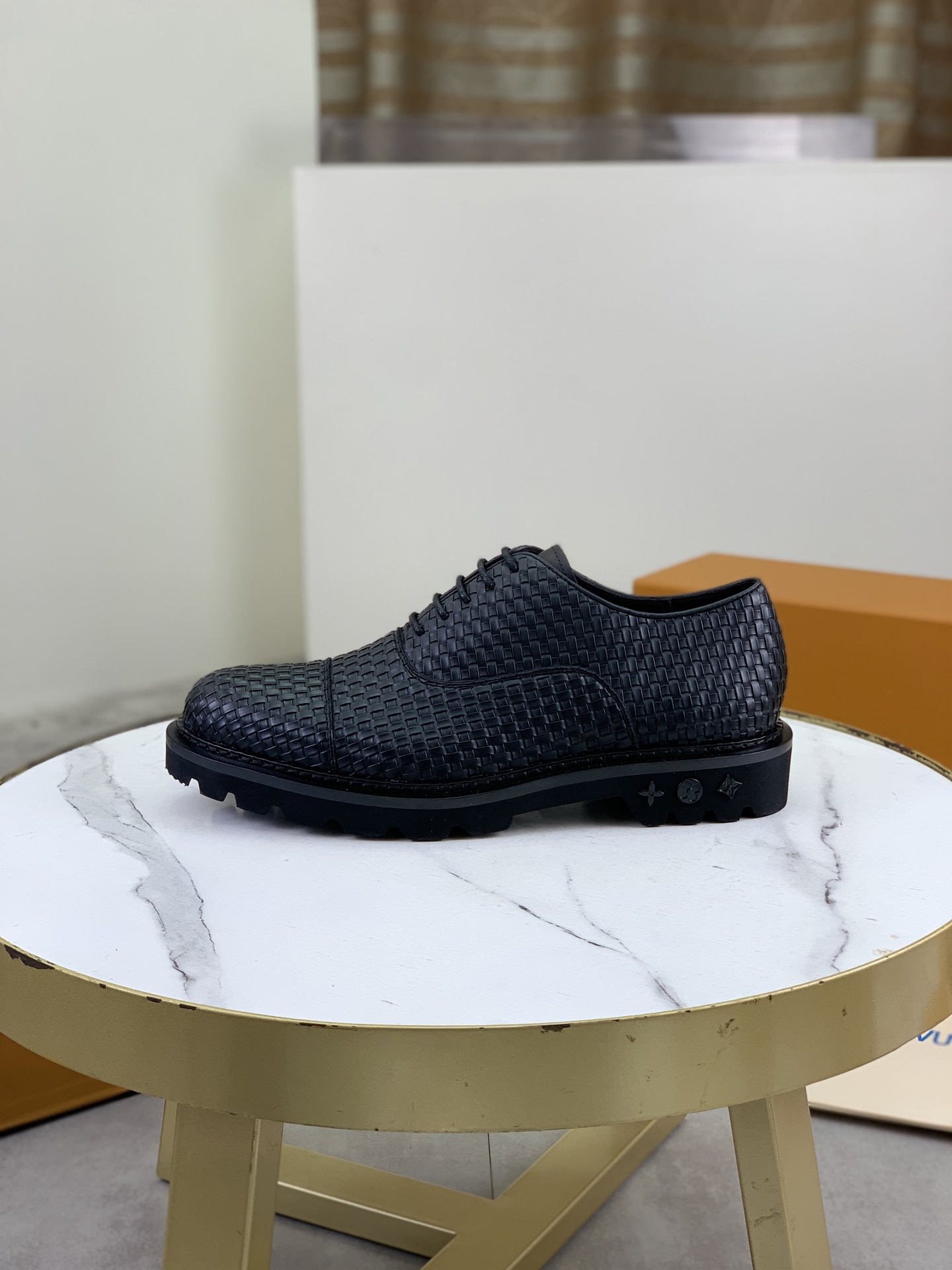 NO:604933,Top version LOUIS VUITTON [Louis Denwei] - LV men's business casual leather shoes, luxurious and noble, all made of imported original cowhide, just to create a more comfortable wearing experience, the upper is made of original high-end calfskin imported soft cowhide, the original lightweight foam outsole, color black optional, code number 39-44 (38.45 46 can be customized and non-returnable),, louis vuitton, louis vuitton, louis vuitton, cowhide19860909顶级版本 LOUIS VUITTON【路易登威】—LV男士商务休闲皮鞋,奢华尊贵全部采用进口原版牛皮,只为打造更为舒适的穿着体验,鞋面原版高端小牛皮进口柔软牛皮里,原版轻便发泡大底 颜色黑色可选 码数39-44（38.45 46可定做不退换）,,louis vuitton,louis vuitton,louis vuitton,cowhide,Men's shoes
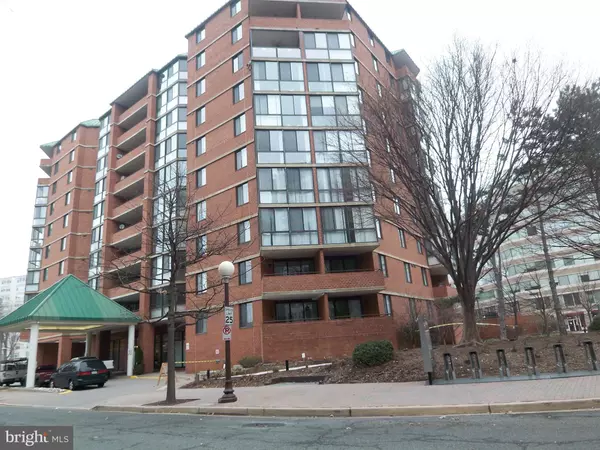 Arlington, VA 22201,1001 N RANDOLPH ST #516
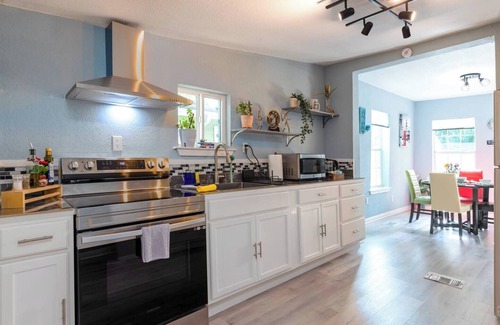 Holly House | Straight-5★ Austin Stay ✔️ Sparkling Clean ❤️ Walk to Top Breweries & BBQ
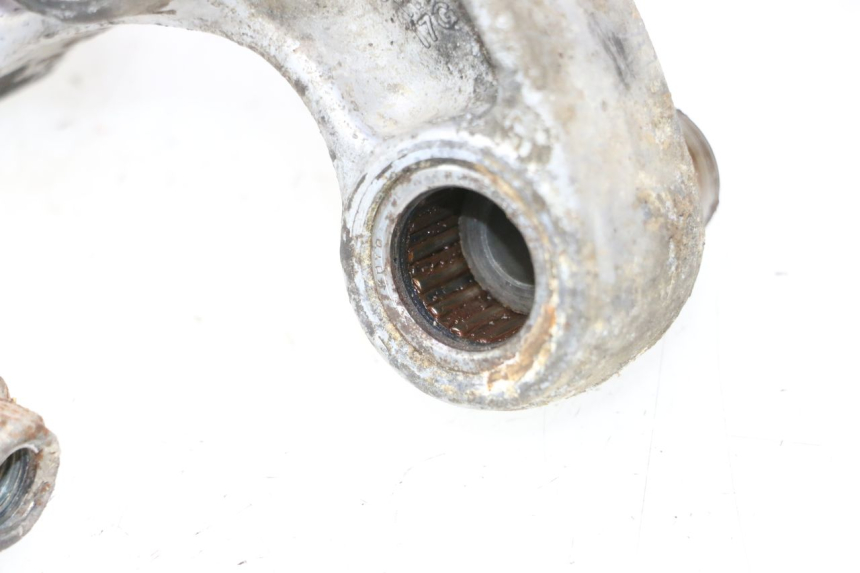 photo de BIELETA SUSPENSION SUZUKI SV S 650 (2003 - 2009) - Primer plano técnico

▶ TASK DESCRIPTION: Each line from the one containing "Arlington, VA 22201,1001 N RANDOLPH ST #516" through the final line of the data must be reproduced exactly, both ends included, with no pictures in the copy.

▶ WRITTEN REPLY:
 Arlington, VA 22201,1001 N RANDOLPH ST #516
 Holly House | Straight-5★ Austin Stay ✔️ Sparkling Clean ❤️ Walk to Top Breweries & BBQ
 photo de BIELETA SUSPENSION SUZUKI SV S 650 (2003 - 2009) - Primer plano técnico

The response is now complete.